[What to do]:
Write out the listing from the line with "Прованс - 3" to the line with "豪华轿跑 18款保时捷帕拉梅拉现车实拍", both lines included, exactly and nothing beyond. Leave pictures out.

[The records]:
#####
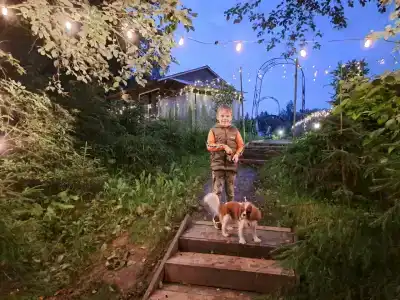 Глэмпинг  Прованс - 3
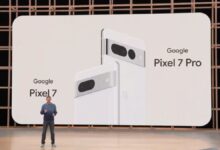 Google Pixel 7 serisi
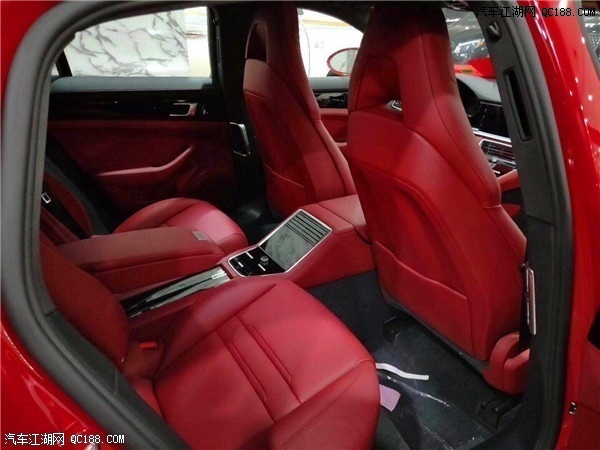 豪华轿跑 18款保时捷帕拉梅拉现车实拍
#####
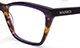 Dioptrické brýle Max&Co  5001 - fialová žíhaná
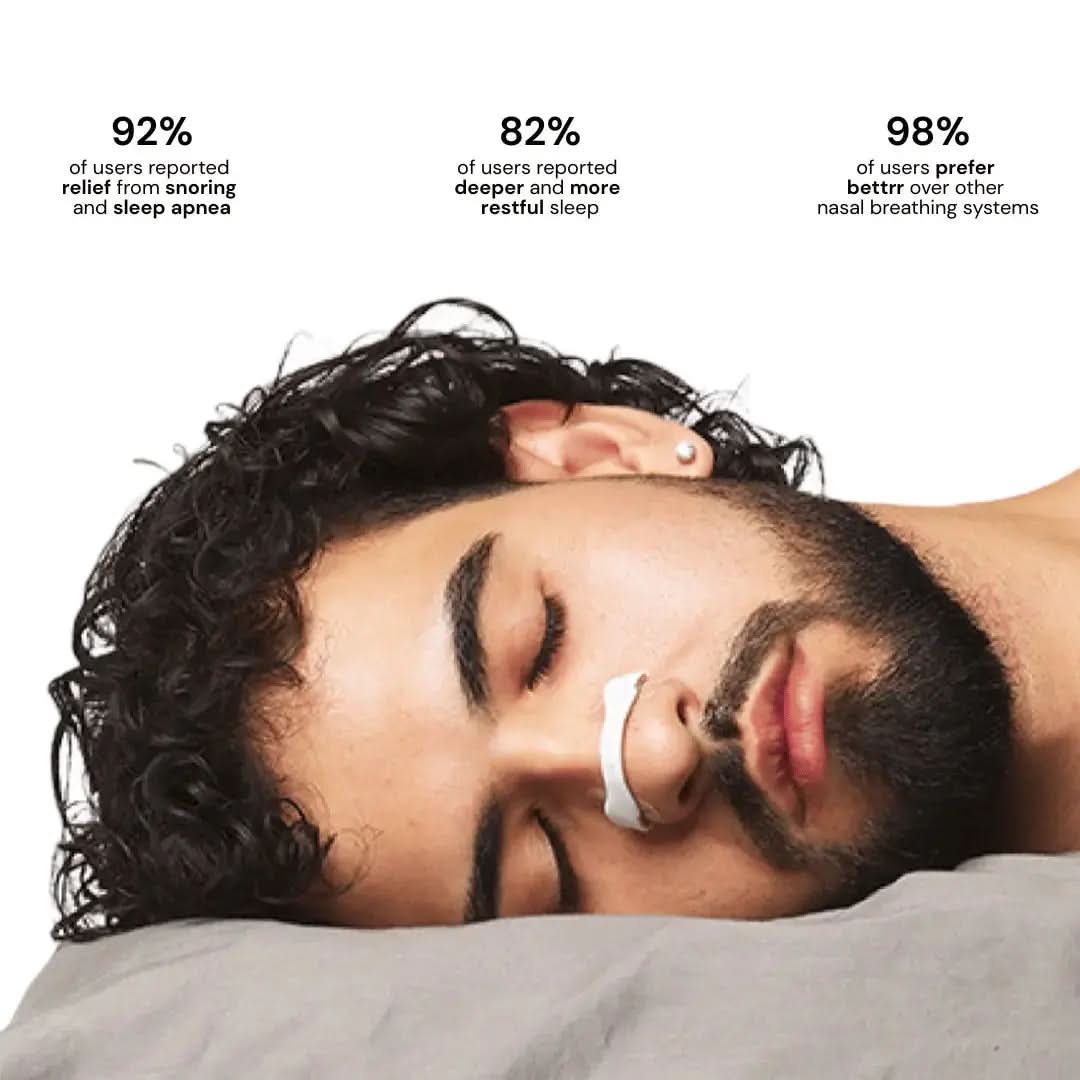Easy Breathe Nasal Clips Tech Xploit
#####
[Solution for this exercise]:
 Глэмпинг  Прованс - 3
 Google Pixel 7 serisi
 豪华轿跑 18款保时捷帕拉梅拉现车实拍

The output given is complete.